For a scent marketed to men, Crown's Sandringham, although this might be hard to find. Muguet as a huge middle note.

http://www.basenotes.net/ID26121437.html
post #25 of 31
Diorissimo by Christian Dior

I don't think there is such a thing as the best muguet fragrance but this one is certainly lovely. It is elegant & doesn't try too hard to impress.
post #26 of 31
If you like the Guerlain, but want to save about $560 try the Molinard Muguet which is excellent.
Idylle also has a nice muguet note, as does Brindille by Galimard.
I need to find this Equipage and givw it a sniff.
post #27 of 31
I smelled the reformulated Annick Goutal Muguet today at Neiman Marcus, Boston. You would not recognize it as the same scent. It's quite grassy now.
post #28 of 31
I can also recommend some simple soliflores such a Molinard's Muguet and also Berdoues Bal de Clochettes.
post #29 of 31
Thread Starter 
Cacio sent me a sample of his vintage EDT of Diorissimo, and it's really the beginning and end of Muguet fragrances IMO. I got a pink box EDT from 2004, but I find it lacks the cool breathiness of the perfect sample from Cacio. It's got a hell of a lot more jasmine, as well. I like it, but it's not that magical thing that I smelled in that sample.

I got a reformulated bottle of Muguet des Bois for less than 10 bucks, and I have to say it's very interesting. There is a bit of muguet going on underneath a very unblended-smelling hydroxycitronellol pool float/citronella candle in the opening. The drydown isn't that bad, though, and it lasts for quite a while.

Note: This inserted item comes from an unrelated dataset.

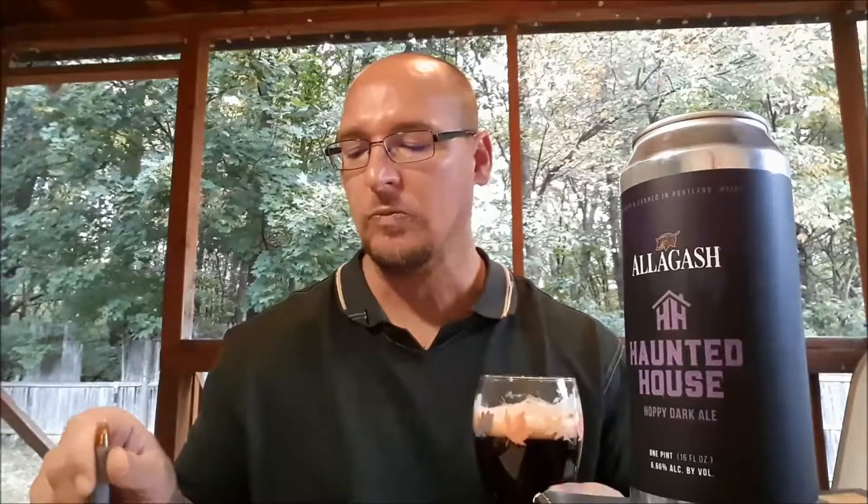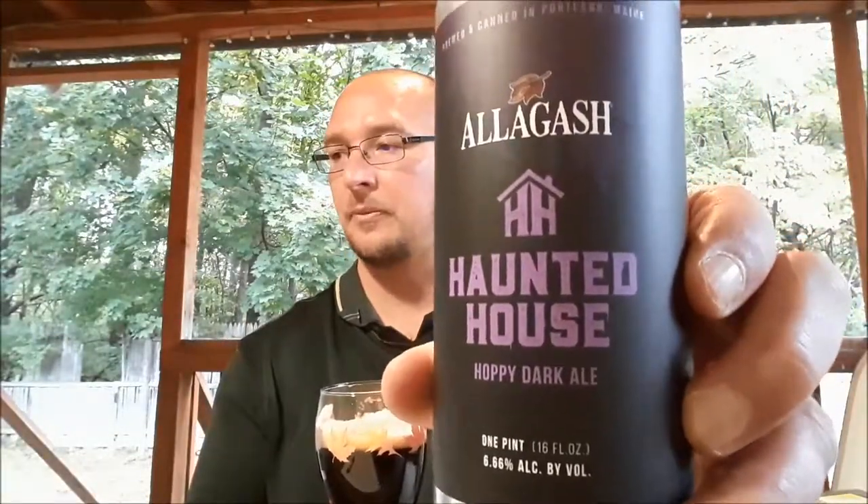I'm gonna give this an 11 out of 19 for the flavors. The body, being medium and having that smoothness, isn't bad either — give it a 5 out of 5. My overall on this: I don't really care for this all that much. It's not disgusting, but I wouldn't pick it up again myself, so I'm gonna give this a 4 out of 10 for my overall. For Allagash Brewing Company's Haunted House Hoppy Dark Ale, it gets a bumpy 35 out of 50 — that's gonna land this as an average brew. Cheers guys, and thank you for watching.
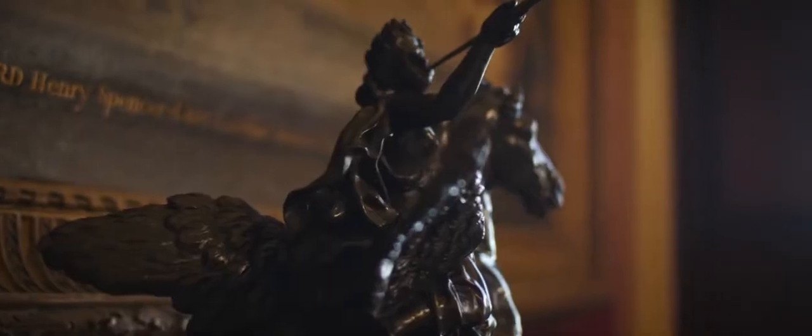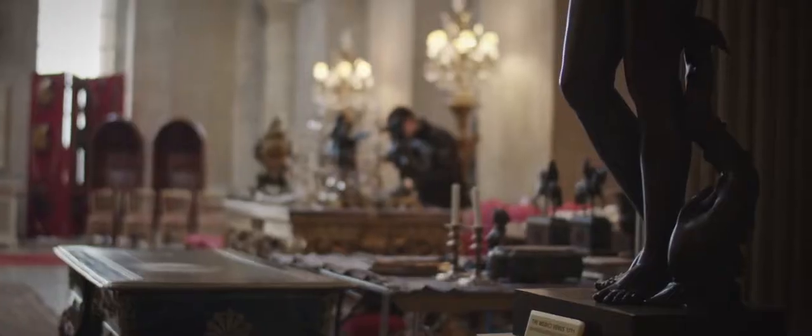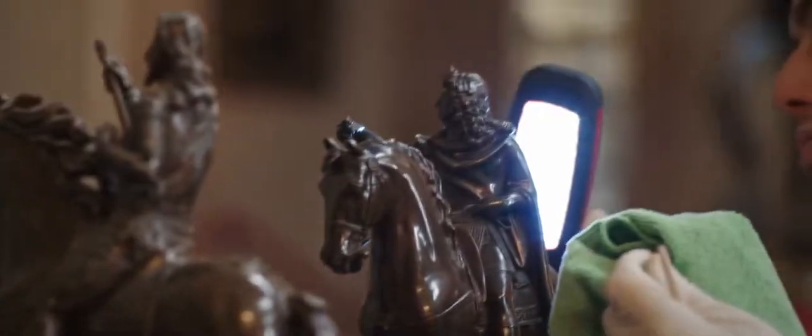We're currently undertaking the deep clean here at Blenheim Palace. It takes over eight weeks, more or less. We take each object out of the room, which is hundreds and hundreds of objects, and carefully clean them using a variety of methods, from animal hairbrushes, lint-free cloths, distilled water, silver polishes.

I'm considering trying Muguet du Bonheur. Any recommendations on vintage/concentration?
post #30 of 31
Quote:
Originally Posted by lovingthealien View Post

I'm considering trying Muguet du Bonheur. Any recommendations on vintage/concentration?

I've never smelled the vintage but, the current formulation is extremely far from being recommendable. Smells terribly generic and synthetic.
post #31 of 31
Quote:
Originally Posted by lovingthealien View Post

Cacio sent me a sample of his vintage EDT of Diorissimo, and it's really the beginning and end of Muguet fragrances IMO. I got a pink box EDT from 2004, but I find it lacks the cool breathiness of the perfect sample from Cacio. It's got a hell of a lot more jasmine, as well. I like it, but it's not that magical thing that I smelled in that sample.

I got a reformulated bottle of Muguet des Bois for less than 10 bucks, and I have to say it's very interesting. There is a bit of muguet going on underneath a very unblended-smelling hydroxycitronellol pool float/citronella candle in the opening. The drydown isn't that bad, though, and it lasts for quite a while.

I'm considering trying Muguet du Bonheur. Any recommendations on vintage/concentration?

I recall the wonderful Coty Muguet de Bois of my youth! Splashed it on with abandon!

As for the Caron, I can't recommend anything but try the EDP version.